MSMO: Multimodal Summarization with Multimodal Output
2023.07.25
This paper can be accessed form here.
This paper is the first work in Multimodal Summarization with Multimodal Output (MSMO) field. They collected dataset for MSMO research and proposed a model to handle this task.
Model Structure
Text Encoder
BiLSTM is used to extract text features.
Image Encoder
VGG19 is used to extract global and local image features. Here, global features are got from the last layer of VGG19 network and local features are the feature map after last pooling layer (before full connected layer).
Visual Attention
Consists of three parts:
- Attention on global features
- Attention on local features
- Hierarchical visual attention on local features
Multimodal Attention Layer
To fuse the text and visual context information, multimodal attention layer is added.
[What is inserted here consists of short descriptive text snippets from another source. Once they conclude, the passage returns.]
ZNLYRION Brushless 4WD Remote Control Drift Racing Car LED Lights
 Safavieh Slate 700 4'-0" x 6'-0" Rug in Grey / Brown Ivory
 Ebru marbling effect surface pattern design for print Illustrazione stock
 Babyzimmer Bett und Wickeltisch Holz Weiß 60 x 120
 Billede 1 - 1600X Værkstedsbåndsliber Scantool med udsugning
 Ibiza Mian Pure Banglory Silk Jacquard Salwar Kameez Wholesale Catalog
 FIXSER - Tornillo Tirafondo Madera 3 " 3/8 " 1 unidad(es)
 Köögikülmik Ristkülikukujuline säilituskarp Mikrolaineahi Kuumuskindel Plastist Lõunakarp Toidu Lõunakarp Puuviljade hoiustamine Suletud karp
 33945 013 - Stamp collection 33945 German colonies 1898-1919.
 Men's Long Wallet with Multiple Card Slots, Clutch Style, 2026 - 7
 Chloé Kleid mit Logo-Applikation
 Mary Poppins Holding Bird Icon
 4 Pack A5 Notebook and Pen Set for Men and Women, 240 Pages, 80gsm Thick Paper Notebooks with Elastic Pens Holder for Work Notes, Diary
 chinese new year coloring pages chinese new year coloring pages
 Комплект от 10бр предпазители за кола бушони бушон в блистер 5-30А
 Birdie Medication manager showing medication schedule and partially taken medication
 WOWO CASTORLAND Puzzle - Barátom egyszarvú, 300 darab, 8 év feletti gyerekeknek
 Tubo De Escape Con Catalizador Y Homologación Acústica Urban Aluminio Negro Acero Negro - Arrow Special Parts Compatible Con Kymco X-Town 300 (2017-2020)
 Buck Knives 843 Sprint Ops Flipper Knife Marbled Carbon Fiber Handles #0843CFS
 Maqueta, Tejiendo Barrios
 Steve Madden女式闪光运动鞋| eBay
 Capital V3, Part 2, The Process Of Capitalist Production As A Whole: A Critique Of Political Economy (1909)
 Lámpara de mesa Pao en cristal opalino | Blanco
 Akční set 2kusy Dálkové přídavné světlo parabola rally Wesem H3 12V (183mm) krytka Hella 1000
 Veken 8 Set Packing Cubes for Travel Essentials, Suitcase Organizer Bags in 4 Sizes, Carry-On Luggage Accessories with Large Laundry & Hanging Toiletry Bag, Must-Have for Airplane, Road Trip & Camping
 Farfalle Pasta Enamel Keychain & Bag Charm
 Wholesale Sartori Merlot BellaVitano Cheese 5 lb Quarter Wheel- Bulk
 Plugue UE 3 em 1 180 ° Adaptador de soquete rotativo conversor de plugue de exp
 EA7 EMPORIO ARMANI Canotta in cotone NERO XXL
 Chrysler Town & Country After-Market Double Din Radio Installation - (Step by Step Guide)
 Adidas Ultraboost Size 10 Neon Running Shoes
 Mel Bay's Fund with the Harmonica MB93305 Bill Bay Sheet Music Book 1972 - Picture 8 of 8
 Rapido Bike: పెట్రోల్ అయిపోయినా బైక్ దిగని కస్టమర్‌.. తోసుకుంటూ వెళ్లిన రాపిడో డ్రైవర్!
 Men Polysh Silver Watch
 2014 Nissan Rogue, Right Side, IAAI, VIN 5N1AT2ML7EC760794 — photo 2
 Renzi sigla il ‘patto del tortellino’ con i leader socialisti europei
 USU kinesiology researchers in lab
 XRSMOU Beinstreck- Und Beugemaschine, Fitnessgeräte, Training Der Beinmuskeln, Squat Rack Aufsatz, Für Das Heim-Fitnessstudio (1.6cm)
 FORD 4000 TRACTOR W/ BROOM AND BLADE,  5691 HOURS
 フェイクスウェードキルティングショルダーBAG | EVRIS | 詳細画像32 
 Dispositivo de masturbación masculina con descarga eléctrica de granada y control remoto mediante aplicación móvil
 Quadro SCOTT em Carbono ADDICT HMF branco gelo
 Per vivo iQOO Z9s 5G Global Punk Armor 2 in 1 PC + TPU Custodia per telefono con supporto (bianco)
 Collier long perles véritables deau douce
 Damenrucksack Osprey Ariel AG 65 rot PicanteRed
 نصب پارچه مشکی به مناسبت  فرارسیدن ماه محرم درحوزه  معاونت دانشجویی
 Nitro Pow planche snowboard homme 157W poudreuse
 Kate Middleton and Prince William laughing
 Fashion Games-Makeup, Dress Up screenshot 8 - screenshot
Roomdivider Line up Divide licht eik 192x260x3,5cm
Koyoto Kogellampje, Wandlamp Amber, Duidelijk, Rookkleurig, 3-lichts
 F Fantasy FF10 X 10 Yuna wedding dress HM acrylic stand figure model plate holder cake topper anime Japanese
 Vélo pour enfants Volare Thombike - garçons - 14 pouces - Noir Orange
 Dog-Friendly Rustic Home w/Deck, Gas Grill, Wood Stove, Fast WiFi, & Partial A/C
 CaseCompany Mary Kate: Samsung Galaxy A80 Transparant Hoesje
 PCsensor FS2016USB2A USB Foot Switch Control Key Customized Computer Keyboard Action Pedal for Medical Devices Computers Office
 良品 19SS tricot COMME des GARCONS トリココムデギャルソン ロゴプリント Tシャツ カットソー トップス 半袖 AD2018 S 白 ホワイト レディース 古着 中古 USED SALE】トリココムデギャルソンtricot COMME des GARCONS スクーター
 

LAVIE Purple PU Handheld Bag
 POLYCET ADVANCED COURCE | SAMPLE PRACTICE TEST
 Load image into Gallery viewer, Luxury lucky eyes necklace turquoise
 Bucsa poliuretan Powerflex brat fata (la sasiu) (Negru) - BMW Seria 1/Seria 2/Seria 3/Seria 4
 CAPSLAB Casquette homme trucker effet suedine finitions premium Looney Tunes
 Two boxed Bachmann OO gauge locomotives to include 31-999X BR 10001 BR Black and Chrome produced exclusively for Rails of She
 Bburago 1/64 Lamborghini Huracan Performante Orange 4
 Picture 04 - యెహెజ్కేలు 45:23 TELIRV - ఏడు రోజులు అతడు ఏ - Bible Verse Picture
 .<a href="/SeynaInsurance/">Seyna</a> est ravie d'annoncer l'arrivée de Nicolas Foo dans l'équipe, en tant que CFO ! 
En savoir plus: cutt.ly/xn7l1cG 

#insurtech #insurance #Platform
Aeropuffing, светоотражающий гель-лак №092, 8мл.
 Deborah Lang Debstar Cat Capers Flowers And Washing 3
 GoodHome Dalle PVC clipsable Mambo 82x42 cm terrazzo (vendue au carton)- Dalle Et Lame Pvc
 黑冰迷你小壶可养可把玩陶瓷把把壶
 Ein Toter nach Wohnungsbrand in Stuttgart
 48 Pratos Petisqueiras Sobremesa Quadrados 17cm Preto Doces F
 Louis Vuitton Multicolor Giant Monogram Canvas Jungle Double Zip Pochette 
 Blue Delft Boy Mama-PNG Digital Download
It calculate attention weight for visual context vector and text context vector respectively. Then weight visual and text context based on attention weights and add them together to get a final fused context information.
Decoder
Pointer-Generator Network is used to reduce repetition.
Contribution
- Present MSMO task
- Propose a multimodal summarization model
Possible Improvement
- Some models (VGG19, BiLSTM, Pointer-Generator Network) can be replaced with state-of-the-art models.
- It doesn’t consider cross-modal information when fusing multimodal information. Cross-modal can be added in multimodal attention layer.